Tegen deze uitspraak kunnen partijen binnen zes weken na de datum van verzending beroep in cassatie instellen bij de Hoge Raad der Nederlanden (Postbus 20303, 2500 EH Den Haag) ter zake van schending of verkeerde toepassing van bepalingen over het begrip verzekerde.





AB



DÉCISION

La Centrale Raad van Beroep (Cour d'Appel Centrale) confirme la décision attaquée pour autant que celle-ci ait été contestée.


Par conséquent, décidée par L. Koper en présence de J.W.L. van der Loo en qualité de greffier, ainsi que prononcée en public, le 18 août 2017.
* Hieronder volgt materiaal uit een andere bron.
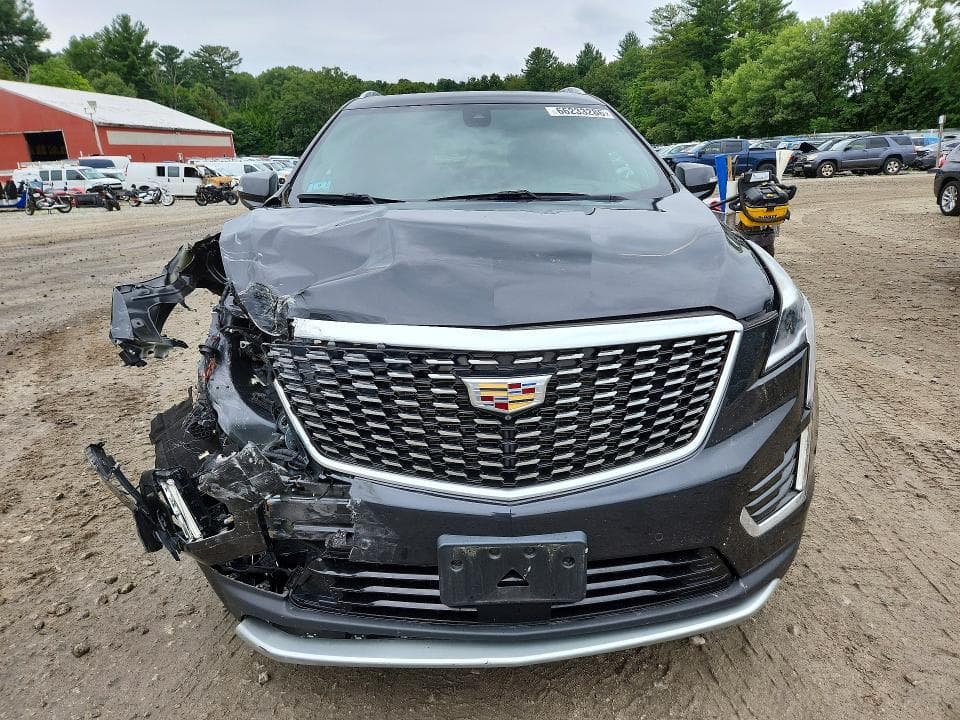 2020 CADILLAC XT5 PREMIUM LUXURY 5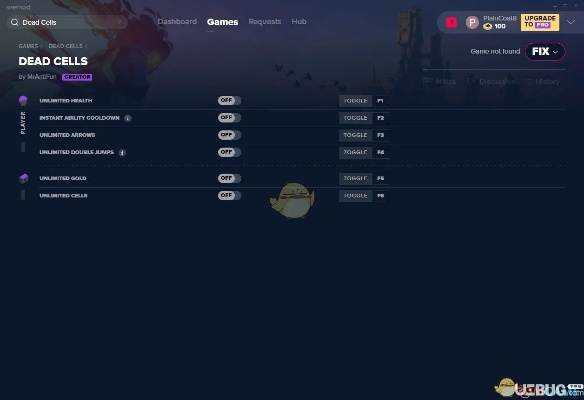 死亡细胞修改器终极指南，2026年3大类型实测对比与避坑攻略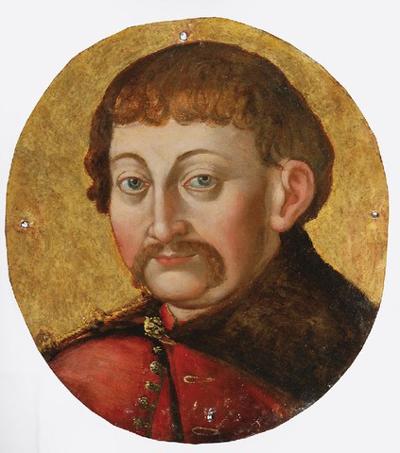 Sarmata - Portret epitafijny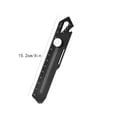 thumbnail image 3 of Heavy Multipurpose Utility Knife 2024 Cutter Knife Stainless Steel Universal Knife Multifunctional Multipurpose Carpet Knife Die Casting Cutter, 3 of 4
Les parties disposent d’un délai de six semaines à compter de la date d’envoi pour introduire un pourvoi en cassation contre cette décision devant la Cour de Cassation des Pays-Bas : Hoge Raad der Nederlanden (Postbus 20303, NL 2500 EH ’s-Gravenhage) au titre de la violation ou de la mauvaise application des dispositions concernant la notion de groupe d’assurés.